Brief descriptive captions
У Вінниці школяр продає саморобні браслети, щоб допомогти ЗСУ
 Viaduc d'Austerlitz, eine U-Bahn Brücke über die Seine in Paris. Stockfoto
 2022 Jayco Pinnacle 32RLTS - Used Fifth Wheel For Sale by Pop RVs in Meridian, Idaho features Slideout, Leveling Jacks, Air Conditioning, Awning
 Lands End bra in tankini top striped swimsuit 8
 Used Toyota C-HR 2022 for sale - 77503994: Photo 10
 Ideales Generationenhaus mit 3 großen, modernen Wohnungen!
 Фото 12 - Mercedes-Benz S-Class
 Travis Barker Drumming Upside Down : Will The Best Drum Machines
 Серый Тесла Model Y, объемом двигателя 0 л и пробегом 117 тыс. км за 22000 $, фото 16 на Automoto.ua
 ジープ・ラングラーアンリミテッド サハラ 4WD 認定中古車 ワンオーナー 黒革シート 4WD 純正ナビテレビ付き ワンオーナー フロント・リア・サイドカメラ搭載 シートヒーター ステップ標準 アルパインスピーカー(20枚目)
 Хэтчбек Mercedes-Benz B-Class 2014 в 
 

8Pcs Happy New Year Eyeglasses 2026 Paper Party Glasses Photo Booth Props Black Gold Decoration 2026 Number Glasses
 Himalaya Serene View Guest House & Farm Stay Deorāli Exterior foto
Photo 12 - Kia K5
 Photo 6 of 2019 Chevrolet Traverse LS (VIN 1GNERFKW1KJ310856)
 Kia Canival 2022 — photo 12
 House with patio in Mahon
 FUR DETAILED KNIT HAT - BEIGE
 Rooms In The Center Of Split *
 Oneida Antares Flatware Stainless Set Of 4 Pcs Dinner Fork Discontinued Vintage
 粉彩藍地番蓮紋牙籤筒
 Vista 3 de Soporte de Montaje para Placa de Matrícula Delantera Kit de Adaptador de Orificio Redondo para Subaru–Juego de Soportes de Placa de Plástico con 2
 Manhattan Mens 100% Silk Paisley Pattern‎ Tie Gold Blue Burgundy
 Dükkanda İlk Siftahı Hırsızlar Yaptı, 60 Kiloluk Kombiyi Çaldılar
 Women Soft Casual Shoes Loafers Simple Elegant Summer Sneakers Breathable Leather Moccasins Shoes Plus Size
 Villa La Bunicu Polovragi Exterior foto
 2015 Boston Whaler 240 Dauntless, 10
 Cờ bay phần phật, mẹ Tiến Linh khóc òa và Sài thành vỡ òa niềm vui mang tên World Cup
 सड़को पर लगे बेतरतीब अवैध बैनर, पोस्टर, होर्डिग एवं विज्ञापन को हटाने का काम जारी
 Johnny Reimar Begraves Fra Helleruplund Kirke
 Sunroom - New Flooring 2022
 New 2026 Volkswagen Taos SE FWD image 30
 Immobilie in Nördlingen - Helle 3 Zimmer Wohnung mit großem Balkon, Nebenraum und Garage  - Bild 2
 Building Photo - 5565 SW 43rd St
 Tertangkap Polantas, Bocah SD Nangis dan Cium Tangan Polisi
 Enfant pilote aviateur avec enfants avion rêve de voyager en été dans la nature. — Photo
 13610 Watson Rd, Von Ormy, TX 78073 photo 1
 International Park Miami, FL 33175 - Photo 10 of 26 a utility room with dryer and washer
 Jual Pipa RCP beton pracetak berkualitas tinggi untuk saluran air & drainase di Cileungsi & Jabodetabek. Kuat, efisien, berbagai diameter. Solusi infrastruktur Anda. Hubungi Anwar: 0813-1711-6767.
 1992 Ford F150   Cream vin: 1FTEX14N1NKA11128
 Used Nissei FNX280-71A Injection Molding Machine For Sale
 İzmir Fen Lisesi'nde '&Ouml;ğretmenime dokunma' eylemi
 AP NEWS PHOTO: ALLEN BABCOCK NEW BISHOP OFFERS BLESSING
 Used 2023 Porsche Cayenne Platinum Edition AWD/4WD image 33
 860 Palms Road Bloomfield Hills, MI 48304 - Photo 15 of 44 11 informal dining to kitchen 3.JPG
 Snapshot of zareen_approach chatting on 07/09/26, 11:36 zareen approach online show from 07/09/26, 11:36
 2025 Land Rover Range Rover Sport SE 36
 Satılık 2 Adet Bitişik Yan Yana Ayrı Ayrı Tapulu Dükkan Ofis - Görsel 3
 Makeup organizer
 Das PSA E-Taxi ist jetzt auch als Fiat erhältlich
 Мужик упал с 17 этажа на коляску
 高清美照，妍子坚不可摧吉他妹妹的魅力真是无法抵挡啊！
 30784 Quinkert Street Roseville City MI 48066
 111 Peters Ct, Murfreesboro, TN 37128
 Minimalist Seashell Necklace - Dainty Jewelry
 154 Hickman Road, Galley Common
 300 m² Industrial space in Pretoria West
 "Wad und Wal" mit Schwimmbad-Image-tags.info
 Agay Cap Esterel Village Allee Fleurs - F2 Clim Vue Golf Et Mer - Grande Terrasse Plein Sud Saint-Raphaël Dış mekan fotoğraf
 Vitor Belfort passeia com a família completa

*The task*: Look above and return each line of the records exactly, from the very first through the line with "2015 Boston Whaler 240 Dauntless, 10", both included.

*Response*:
У Вінниці школяр продає саморобні браслети, щоб допомогти ЗСУ
 Viaduc d'Austerlitz, eine U-Bahn Brücke über die Seine in Paris. Stockfoto
 2022 Jayco Pinnacle 32RLTS - Used Fifth Wheel For Sale by Pop RVs in Meridian, Idaho features Slideout, Leveling Jacks, Air Conditioning, Awning
 Lands End bra in tankini top striped swimsuit 8
 Used Toyota C-HR 2022 for sale - 77503994: Photo 10
 Ideales Generationenhaus mit 3 großen, modernen Wohnungen!
 Фото 12 - Mercedes-Benz S-Class
 Travis Barker Drumming Upside Down : Will The Best Drum Machines
 Серый Тесла Model Y, объемом двигателя 0 л и пробегом 117 тыс. км за 22000 $, фото 16 на Automoto.ua
 ジープ・ラングラーアンリミテッド サハラ 4WD 認定中古車 ワンオーナー 黒革シート 4WD 純正ナビテレビ付き ワンオーナー フロント・リア・サイドカメラ搭載 シートヒーター ステップ標準 アルパインスピーカー(20枚目)
 Хэтчбек Mercedes-Benz B-Class 2014 в 
 

8Pcs Happy New Year Eyeglasses 2026 Paper Party Glasses Photo Booth Props Black Gold Decoration 2026 Number Glasses
 Himalaya Serene View Guest House & Farm Stay Deorāli Exterior foto
Photo 12 - Kia K5
 Photo 6 of 2019 Chevrolet Traverse LS (VIN 1GNERFKW1KJ310856)
 Kia Canival 2022 — photo 12
 House with patio in Mahon
 FUR DETAILED KNIT HAT - BEIGE
 Rooms In The Center Of Split *
 Oneida Antares Flatware Stainless Set Of 4 Pcs Dinner Fork Discontinued Vintage
 粉彩藍地番蓮紋牙籤筒
 Vista 3 de Soporte de Montaje para Placa de Matrícula Delantera Kit de Adaptador de Orificio Redondo para Subaru–Juego de Soportes de Placa de Plástico con 2
 Manhattan Mens 100% Silk Paisley Pattern‎ Tie Gold Blue Burgundy
 Dükkanda İlk Siftahı Hırsızlar Yaptı, 60 Kiloluk Kombiyi Çaldılar
 Women Soft Casual Shoes Loafers Simple Elegant Summer Sneakers Breathable Leather Moccasins Shoes Plus Size
 Villa La Bunicu Polovragi Exterior foto
 2015 Boston Whaler 240 Dauntless, 10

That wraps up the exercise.